According to the MIT study, students learned more in an online course than in a traditional classroom. Teachers achieved the best results among students taught with an interactive engagement pedagogy, i.e., they learned the stuff online and were able to discuss the material with real teachers along the way.

The data is clear. Nevertheless, we think that sitting in a traditional classroom is better for us, and we pay more for the experience. Instead, we should shift towards e-learning. Thanks to the Internet, we're able to learn from the best teachers anywhere in the world. We are not limited anymore to the teachers in our local schools, who may not even know how to teach. I met great teachers for sure, but as a student, you don't have that guarantee. This profession is overly underpaid, and I know a lot of teachers who work in IT now. Who teaches the kids, then? Often, the people for which teaching is a lifelong mission or the people who weren't able to find a better job. Not good!

We should strive to level-out the differences irrespective of the school you were lucky to be in!

My vision for the learning of tomorrow

This blog post was in my mind for a longer time. Some time ago, I summarized my thoughts in a discussion to the topic on Facebook, and a few weeks later on LinkedIn.

I don't agree that people should learn inefficiently for so many years. It's a colossal waste. Today, almost everyone goes to university, and if they don't pick the right field, they will be unemployed, or they will work somewhere where their diploma isn't needed. I know many people who work in different areas than they studied. Our society, however, expects this higher level of education from everyone; it became a standard.

Thirty years ago, when you were a Master of Science and had a degree, you were highly regarded in society. Only a fraction of the population studied, and they were the best of the best. Today, if you don't have a degree, you are despised by the people. We should change that perception; a university degree should not be compulsory for everyone! We have alternatives.

Elementary and high schools

After you sticked to this point, you should see the problems of schools from my perspective. In my opinion, students should:

  • Be able to read and write
  • Know at least one foreign language, preferably English
  • Have solid foundations in Math
  • Be ready to socialize among other schoolmates
  • Know how to sort, filter and verify information from multiple sources quickly
  • Form their own opinions based on facts from various sources (i.e., be able to think critically)
  • Know how to present their views (what I had to learn years later in my local Toastmasters club)
  • (Most importantly) Be taught how to learn efficiently based on our latest knowledge
Image by klimkin from Pixabay

I believe that all the skills mentioned above can be taught within five years, maybe sooner. And I also think that these skills are more than sufficient. What's tragic is that today students don't learn most of these skills. They spend years learning something that they don't need.

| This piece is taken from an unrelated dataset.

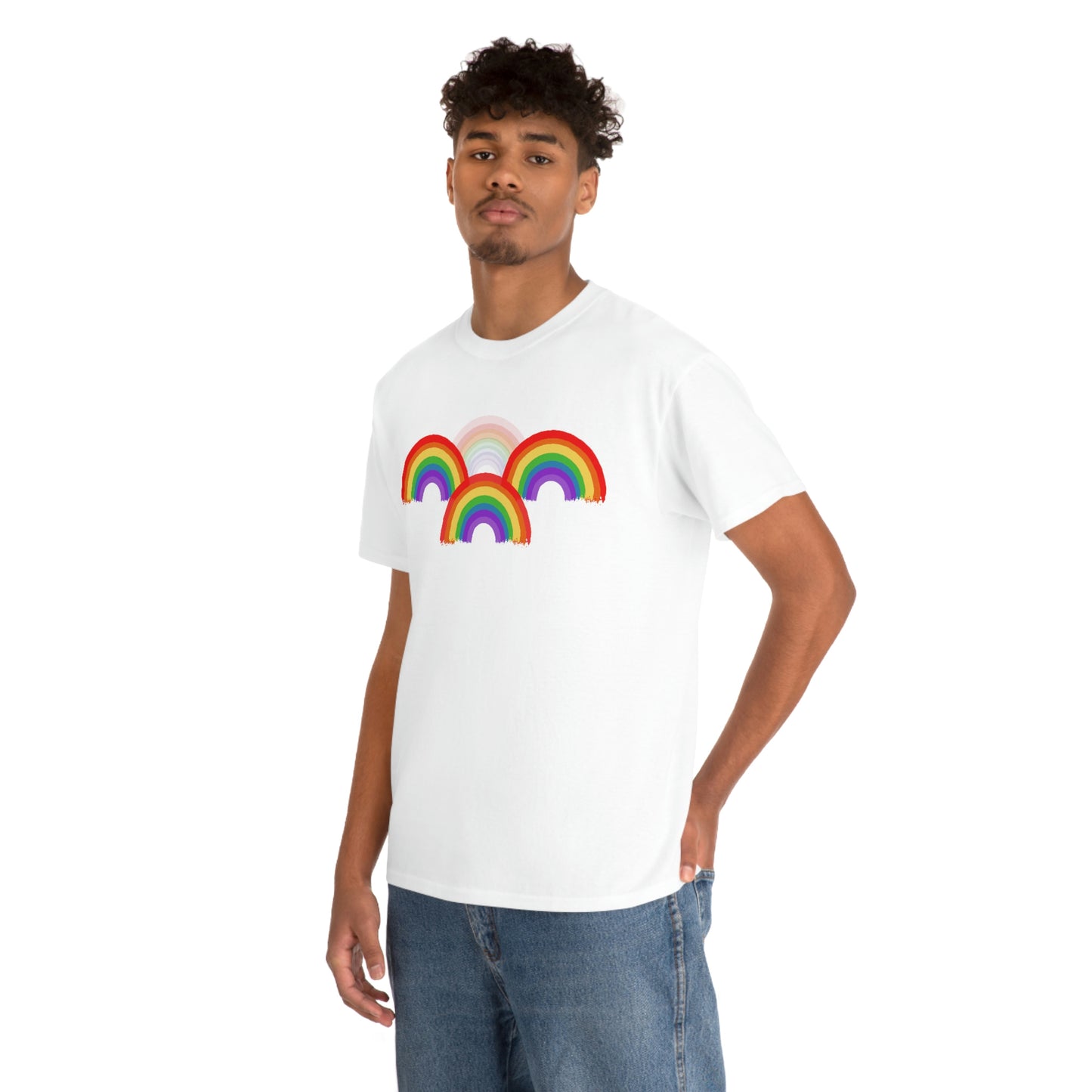Rainbow Tee, Multiple Rainbows, Unisex Tee, Pride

If you take a look at the list carefully, I dropped all the subjects like Literature and History. It's because of two reasons: If people learn how to learn and process information, they should grasp these topics by themselves later if they want. They can study History or Literature, but it shouldn't be mandatory for everyone. The second reason is that teaching subjects like History is always biased. You need to follow given textbooks, and the teacher has his own beliefs too. You can never avoid that altogether. Through my study of History, I often came to some facts, which nobody mentioned in the classes. Sometimes new information can change the perspective on the person or event completely.

History Is Written by the Victors

The truth is, if we didn't face the events directly, we'd never have an objective look at them. Also, if we encounter the events directly, we interpret them subjectively, as did the people who wrote the chronicles. But if we know how to validate the information and read about the events from multiple sources, we actually can have the least biased picture possible. However, we should be the one who puts all the pieces together, independently from the teacher.

Students should learn foreign languages, like English, practically. You can teach the foreign languages even more efficiently, with virtual reality to reinforce the senses of students, but the Netflix way is still far better than what we see in schools today; and it's more fun, too!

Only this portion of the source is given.